Posted by Jeffrey Wells on January 12, 2008 at 04:51 PM

An exceptionally well-cut tribute to the best 2007 dramas from Matt Shapiro, who regularly posts at http://www.worldofkj.com. The genius stroke is the use of Glen Hansard and Marketa Irglova's "Falling Slowly" as the "score." Notice Shapiro's choice of just the right cuts to accentuate the song's final four chords. One error: using a line of Juno dialogue at the very end. It messes with the mood.

Comments

I agree with that assessment Jeff. I was getting swept away by the song and the images, but then the Juno dialogue at the end kinda killed it.

Nice video, but I wish it featured a few shots of 4 MONTHS, BOURNE ULTIMATUM, and THINGS WE LOST IN THE FIRE. At least LUST, CAUTION and ZODIAC made brief appearances.

Pretty damn cool. Glad he stuck Sunshine in there. But it just makes me sorry I missed Michael Clayton, Darjeeling Limited, and a few others.

Yeah, I'm nitpicky, but I would have liked to see clips of CONTROL and THIS IS ENGLAND in there too.

Otherwise, that was beautiful.

Wow, that was fucking awesome...thanks Wells...just got back from seeing Charlie Wilson (LOVED it) and it was nice to see it included. This video reminds me of how amazing 2007 was and how it was probably the best of year of my life in terms of going to the movie theater. And now of course, after trying to get that song from Once out of my head for the last few months, it's now back in there! I gotta see There Will Be Blood again on the big screen.

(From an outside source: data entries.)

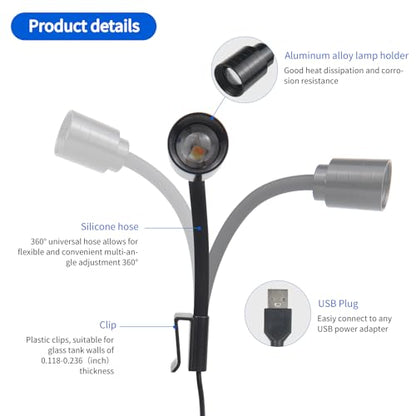Mini Clip On Aquarium Light Small Dimmable Fish Tank Light USB Spotlight with 3 Light Modes 10-Level Brightness for 1 to 3 Gallon Tanks (Adapter NOT Included) - size: Clip Light With Dimmer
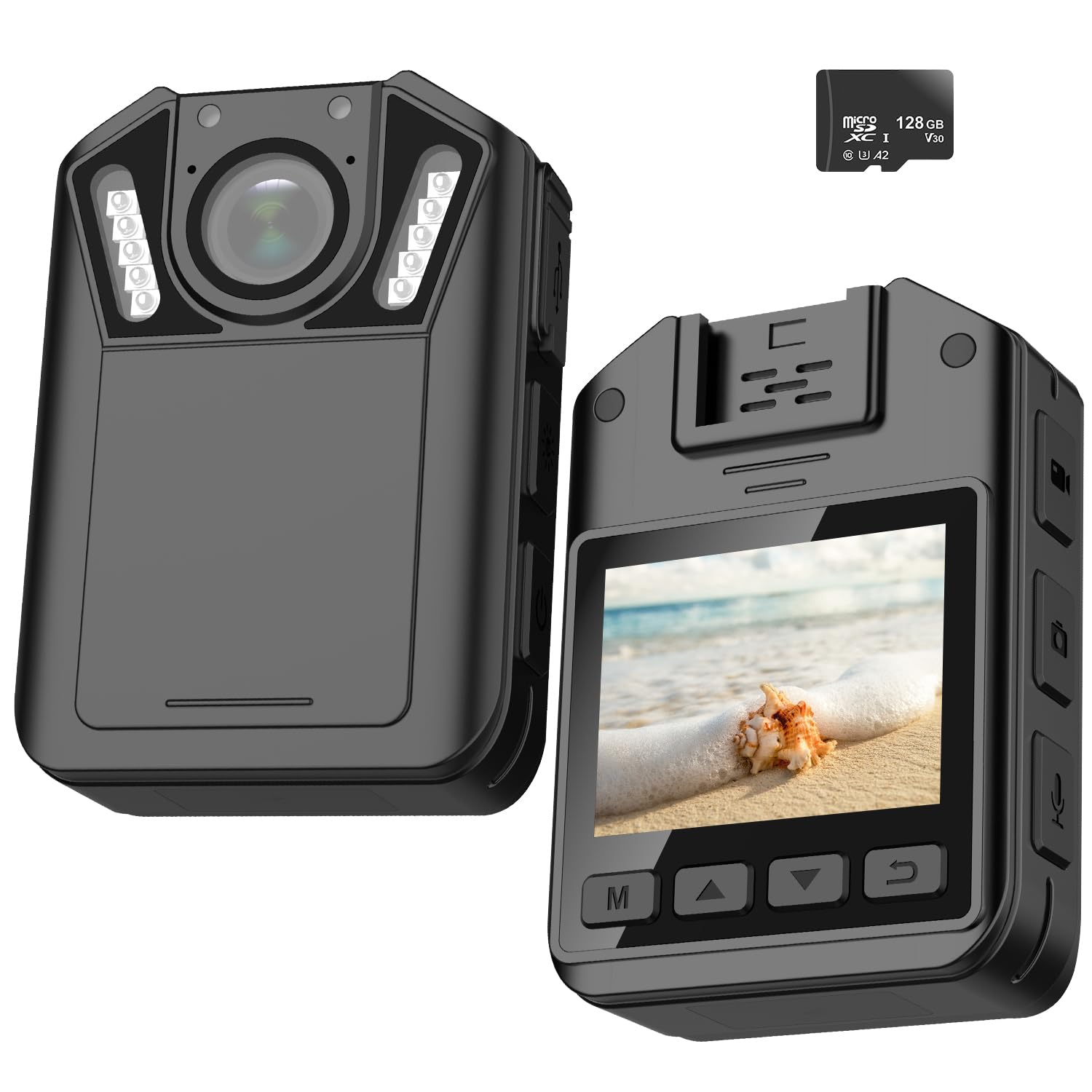 maigevi 128GB 1440P, Wearable Body Camera with Audio and Video Recording, with Night Vision,Easy to Use, Body Cams with Loop Recording, Motion Detection, 3500mAh Batteries Working 12 Hours 1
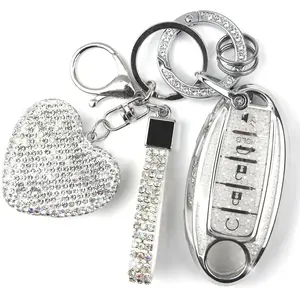 Key Fob Cover with Diamond Keychain, Car Key Holder For Nissan Altima, Rogue, Sentra, Pathfinder, Frontier, Maxima, Titan, Murano, Kicks, Juke, Versa, Armada, GTR-5 Buttons (Silver-Heart)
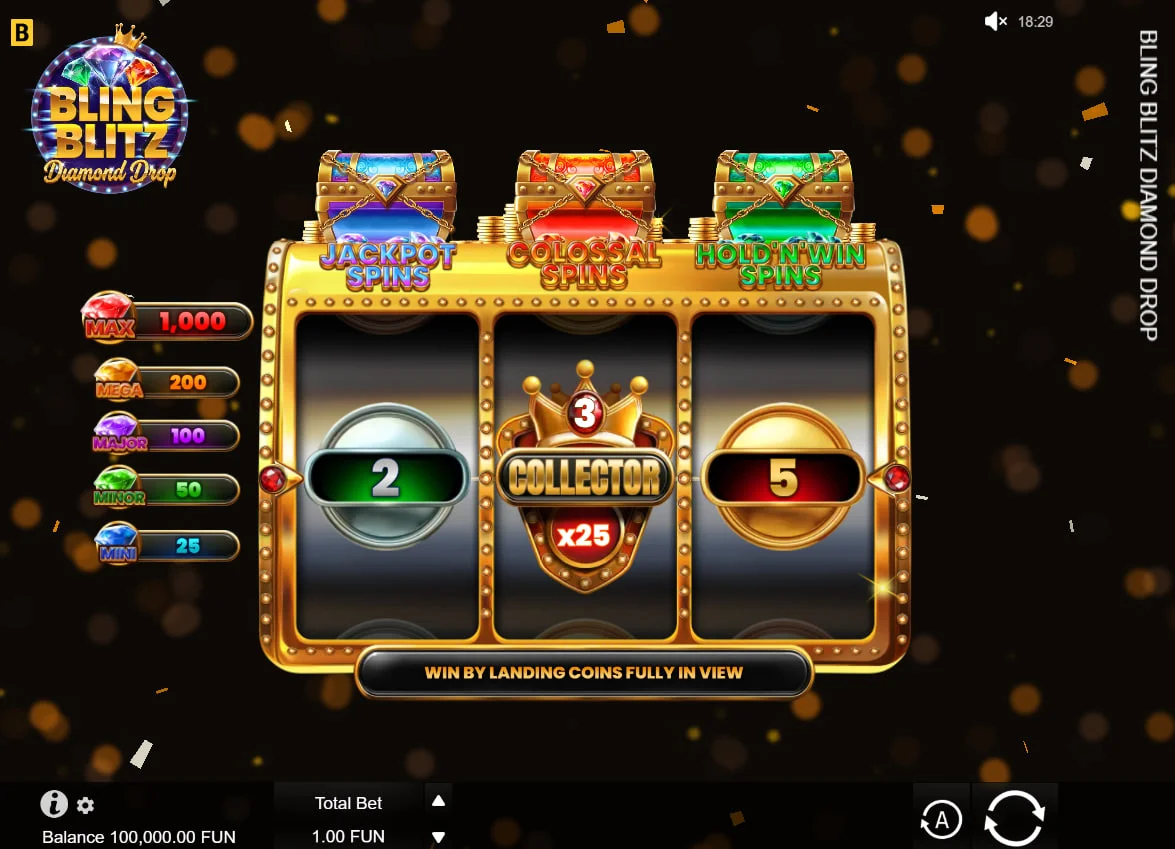 Main 3x3 grid of Bling Blitz Diamond Drop slot featuring the central Collector symbol and three feature chests above the reels.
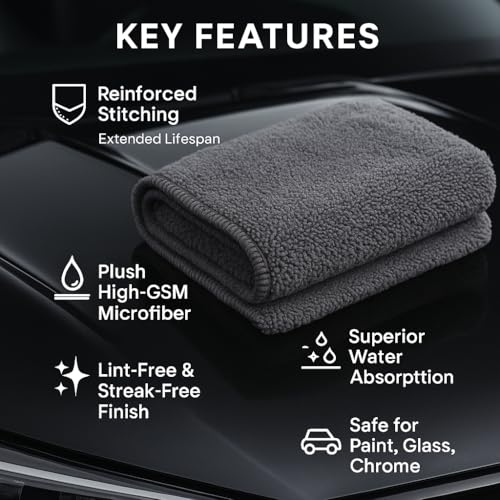 PAKS - 3 Pack Reusable Microfiber Towels - 16x24 Micro Fiber Towels Car Detailing - Plush Auto Cleaning Cloths - Dual-Sided Car Microfiber Towel - Lint & Streak-Free Wash Cloths - Cleaning Supplies - size: 16 x 24 Inch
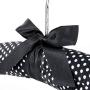 HANGERWORLD 3 Black and White Polka Dot 17inch Satin Padded Top Garment Clothes Coat Hangers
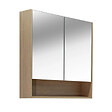 NATUREL - Naturel Lucca Armoire de toilette assemblée 80x75 cm, stratifié, 4 étagères, miroir, couleur chêne (LUCCA80CABD) - vignette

am i really the only one who found this (and all other things jeff posts of its ilk) to be utterly worthless? moreover, i hardly believe it to be "exceptionally cut" just because he matched a few explosions. would have been far more effective if it were cut thematically rather than for the occasional aesthetic match, and the juno quote at the end suggesting that all of these films were somehow connected but the sentiment therein expressed... is patently ridiculous. wow, i don't know why i'm so grumpy about this, the rangers won tonight and everything...

It's not just you, Aguirre; I dunno, the idea that someone could take scenes from the worst and the best films of the year and intercut them into some flat faux-middlebrow "epiphany" is depressing in a way that I don't even want to fully own up to...

That song is so gorgeous that I think you could set it to footage of someone washing their car and it would seem poignant and touching.

Not a bad little thing but I guess I don't expect to see clips from Knocked Up and Ratatouille in a short titled "A Year for Dramas". Not that they don't have dramatic moments, I guess...

I guess this guy really liked sunshine and across the universe.

Hey Glenn...what's wrong with being reminded of how great a year it was at the movies? That's what this clip package did.

Insidah--Sunshine is flawed but excellent throughout much of its run time. I am sad I missed Across the Universe on the big screen

Yes, and in 9-10 months, HBO could just rip this wholecloth and use it as their preview for movies coming in December.

But at the same time, I have a profound and inexplicable weakness for HBO's snappy little promos.

But to play devil's advocate ... some of the clips do lose something if you know the context in which they occur.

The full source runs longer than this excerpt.